§ **What you have to do**
From the line containing "Magnetic Fidget Toys, 10-Pack" to the line containing "Shop Gucci Vintage" in the records below, set down every line exactly as it stands, both ends included, and skip the pictures.

§ **Entries provided**

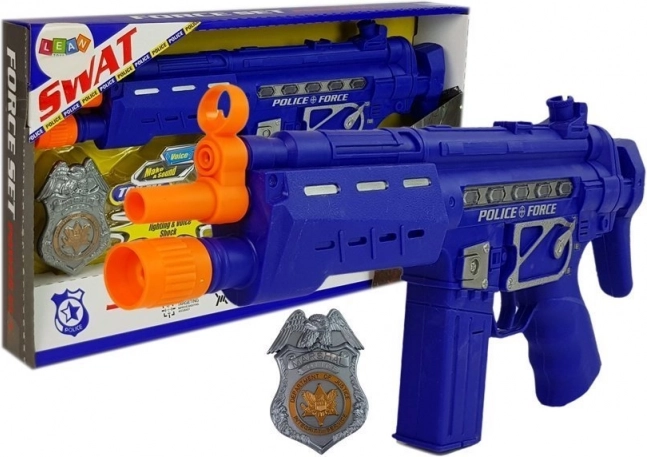 Polizeiset Pistole Abzeichen Marineblau mit Ton- und Lichteffekten 37 cm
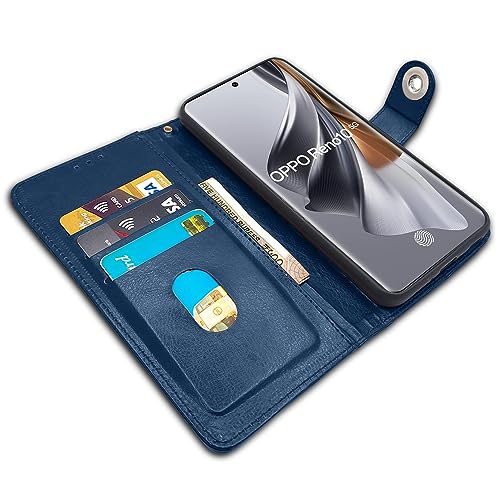Image of Pikkme Oppo Reno 10 5G Flip Cover Leather Finish | Inside TPU with Card Pockets | Wallet Stand and Shock Proof | Complete Protection Button Flip Case (Blue)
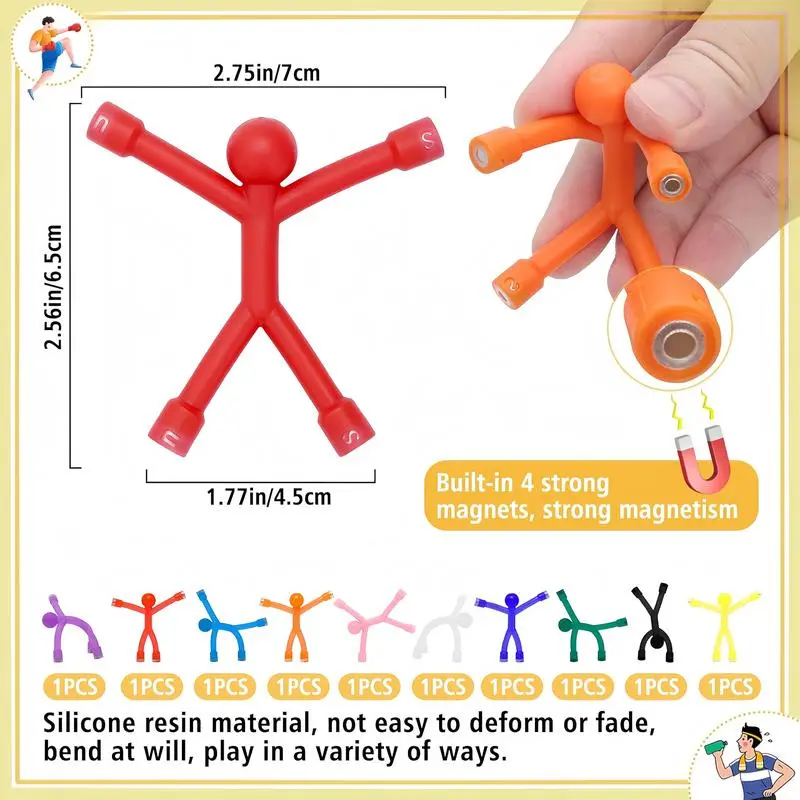 Magnetic Fidget Toys, 10-Pack Bright Solid Colors BPA-Free Sensory Building Fridge Magnets for Kids, Travel Essentials, Autism Stress Relief, Birthday Gifts Party Favors, Relaxation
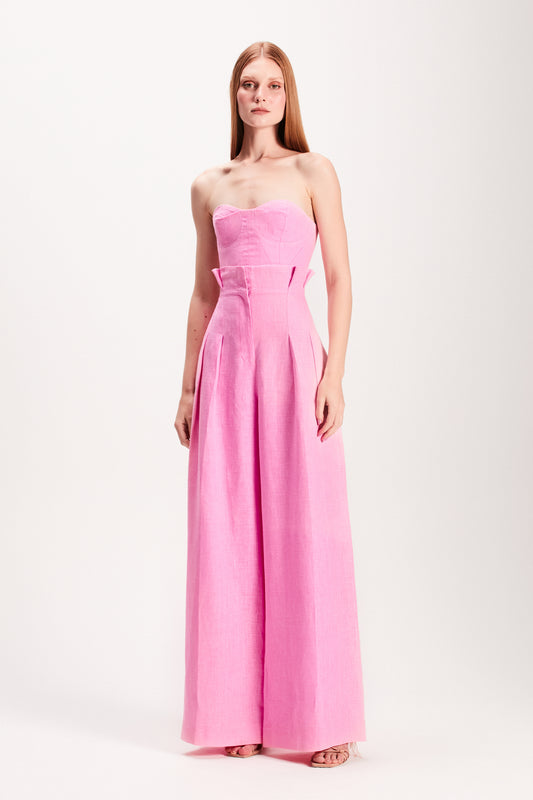 CALÇA CINTURA ALTA LINHO GROSSO ROSA CHICLETE (7855152234723)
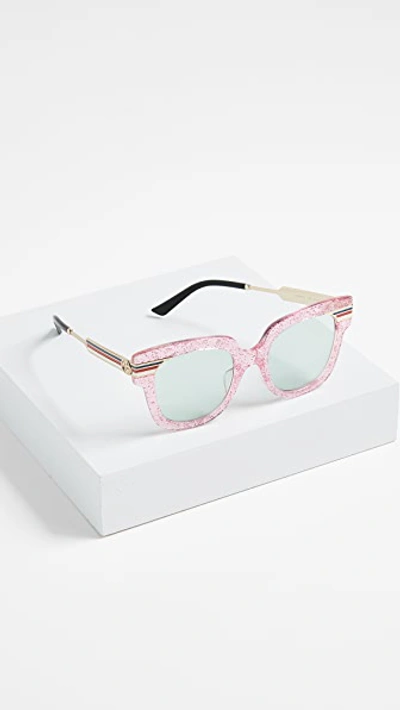 Shop Gucci Vintage Web Oversized Sunglasses In Glitter Pink Gold Black/light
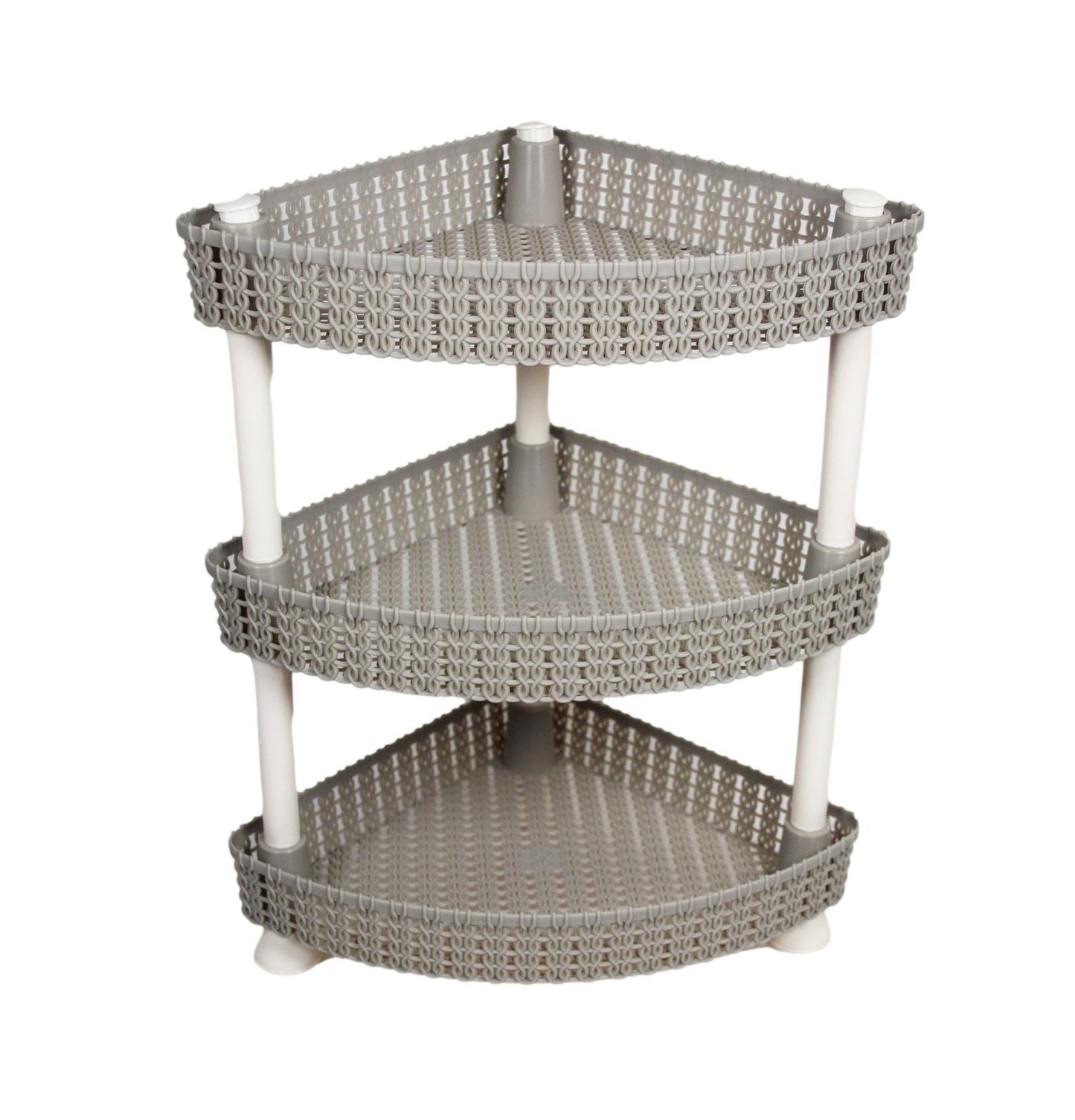 Plastic Rattan Style Kitchen Home Storage Corner Fruit and Vegetable Shelf 30 x 33 cm Assorted Colours 5693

§ **Solved exercise**
 Magnetic Fidget Toys, 10-Pack Bright Solid Colors BPA-Free Sensory Building Fridge Magnets for Kids, Travel Essentials, Autism Stress Relief, Birthday Gifts Party Favors, Relaxation
 CALÇA CINTURA ALTA LINHO GROSSO ROSA CHICLETE (7855152234723)
 Shop Gucci Vintage Web Oversized Sunglasses In Glitter Pink Gold Black/light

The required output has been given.